In July 2007, I remember clearly how well I could “feel” that all the pieces of the puzzle were in place to set a major bear market rally high in the SP500, and even that turned out to be a tad early because of the Sept 18 2007 rate cut that mkt participants believed would save the financial markets and make them all better. Yeah, well that idea worked for only a few weeks. As soon as the financial started reporting losses in Q3 07 from writedowns, it was too late for the Fed to save the financial markets from their own demise and reckless behavior that included not only excess leverage, but fraud for which no one has ever been put behind bars.
Honestly, I just don’t have that July 2007 feel today, for an end to a secular bear market rally at all. If my assessments are wrong, then I will surely be missing some key vital information. I do my darnedest to make sure I hold as much vital information as possible in my head at all times. I know I can’t know everything at all times, it is unrealistic for anyone to know everything relevant at one time. The key is to be a great filter of what is irrelevant.
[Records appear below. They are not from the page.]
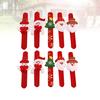 10pcs Kids Snap Bracelet Christmas Santa Snowman Elk Design Slap Wristband Party Favor Gift For Children Christmas Snap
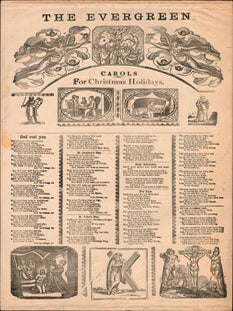 Item #16-6028 The Evergreen: Carols for Christmas holidays. First edition of the wood-engraving....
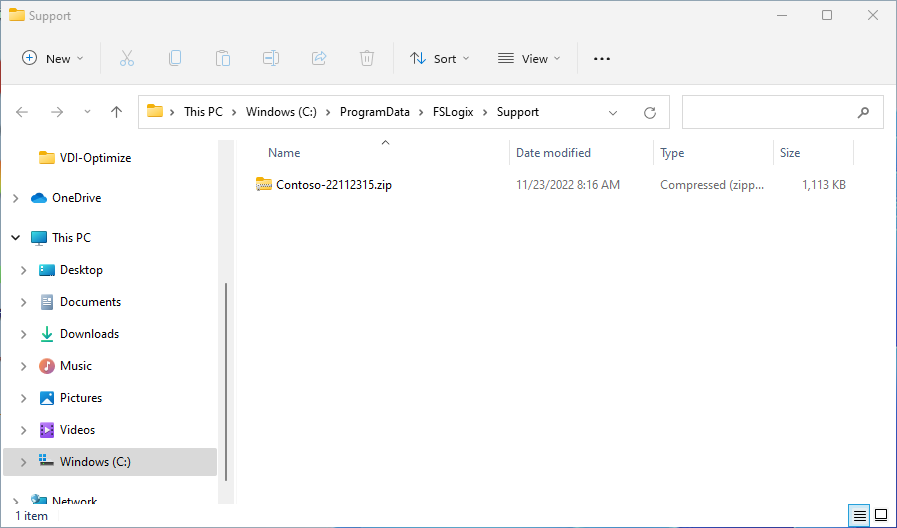 Создание ZIP-файла средством поддержки завершено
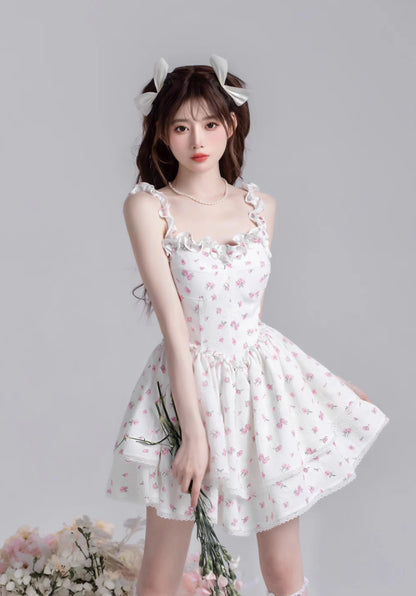 Monet Rose Fairy Floral White Strap Dress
The points I have discussed here broadly cover, if not in detail, some of most relevant considerations. First duration of bear market rallies are more important than price. Second, the safety nets are high and in place to save the top of the food chain. These safety nets will not be coming down anytime soon, again a duration issue. Third, policies, no matter what they are, will always run into trouble at some point. These particular policies have long fuses, and are have short term goals explicitly designed to keep the chicanery of the past decade alive and well. Fourth, I am afraid it will all end badly, but that is a story I think for another day.